**Raw data**
* * * * * * * * *

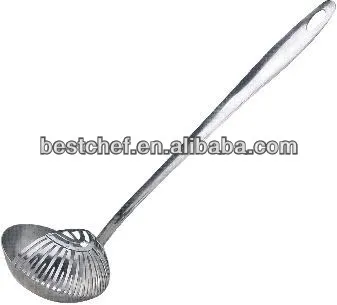 One-piece multi purpose ladle
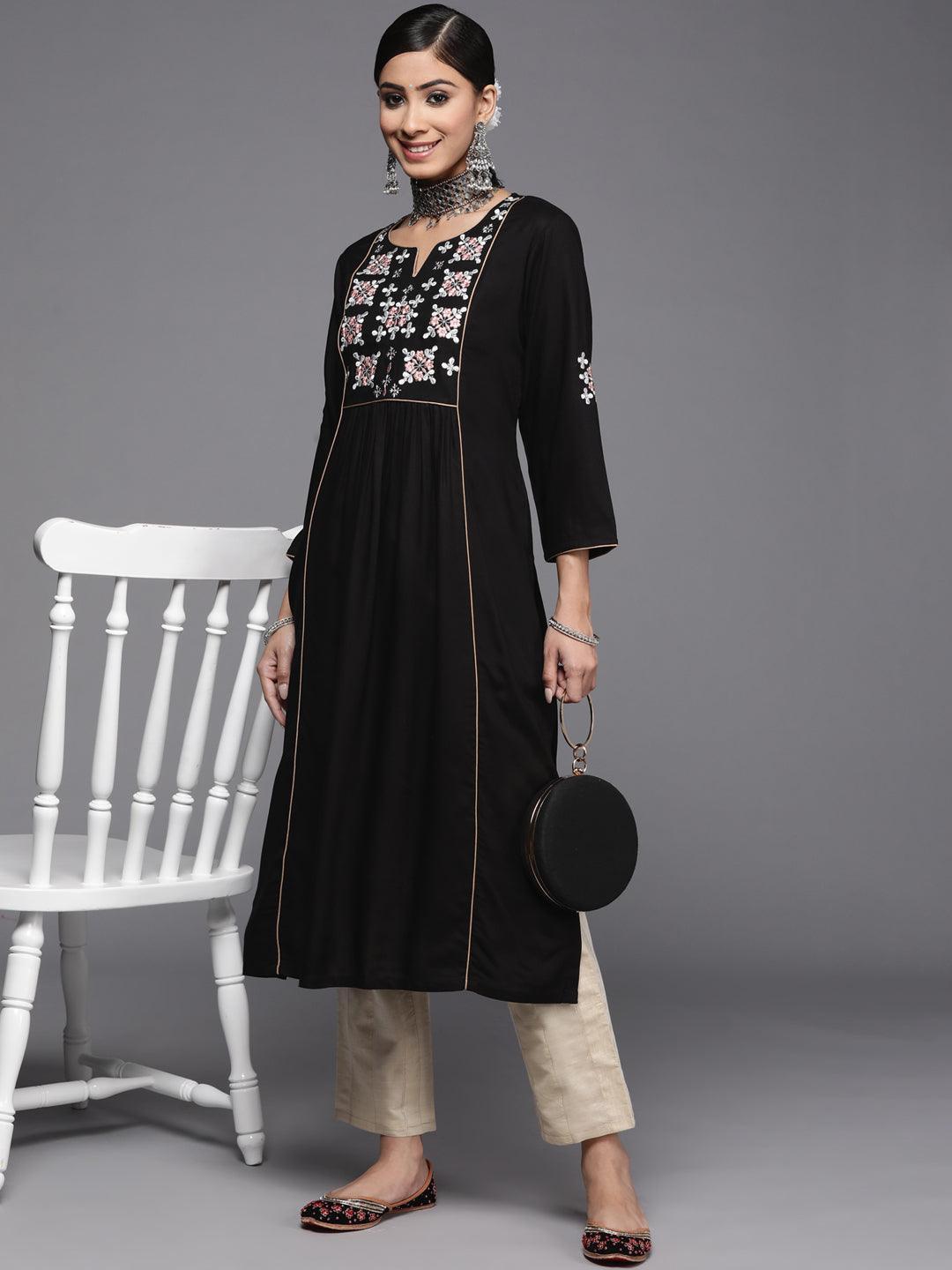 Black Yoke Design Rayon Kurta - ShopLibas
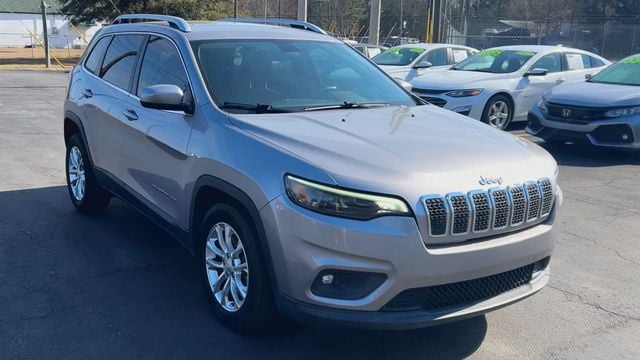 2019 Jeep Cherokee Latitude FWD - 22975607 - 1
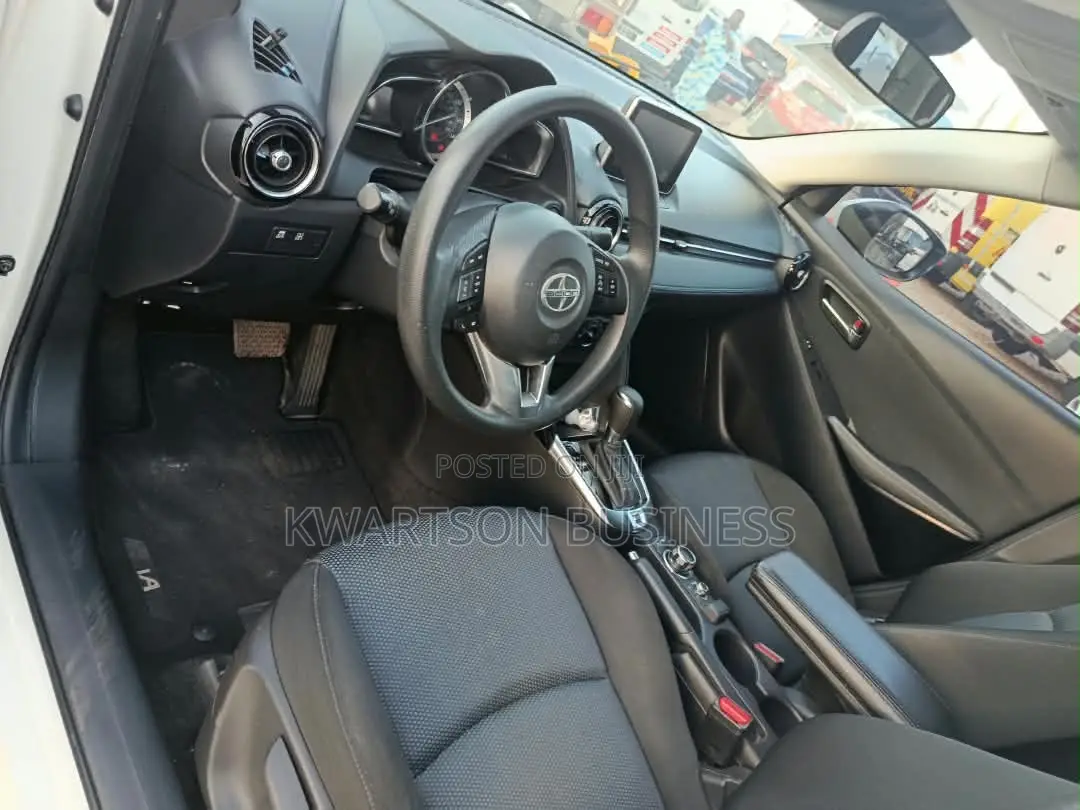 Toyota Yaris iA 1.5 FWD 2017 White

* * * * * * * * *

**Action item**
Going from the line that holds "2019 Jeep Cherokee" to the end of the listing above, copy each line exactly and nothing more, leaving pictures aside.

**Task response**
 2019 Jeep Cherokee Latitude FWD - 22975607 - 1
 Toyota Yaris iA 1.5 FWD 2017 White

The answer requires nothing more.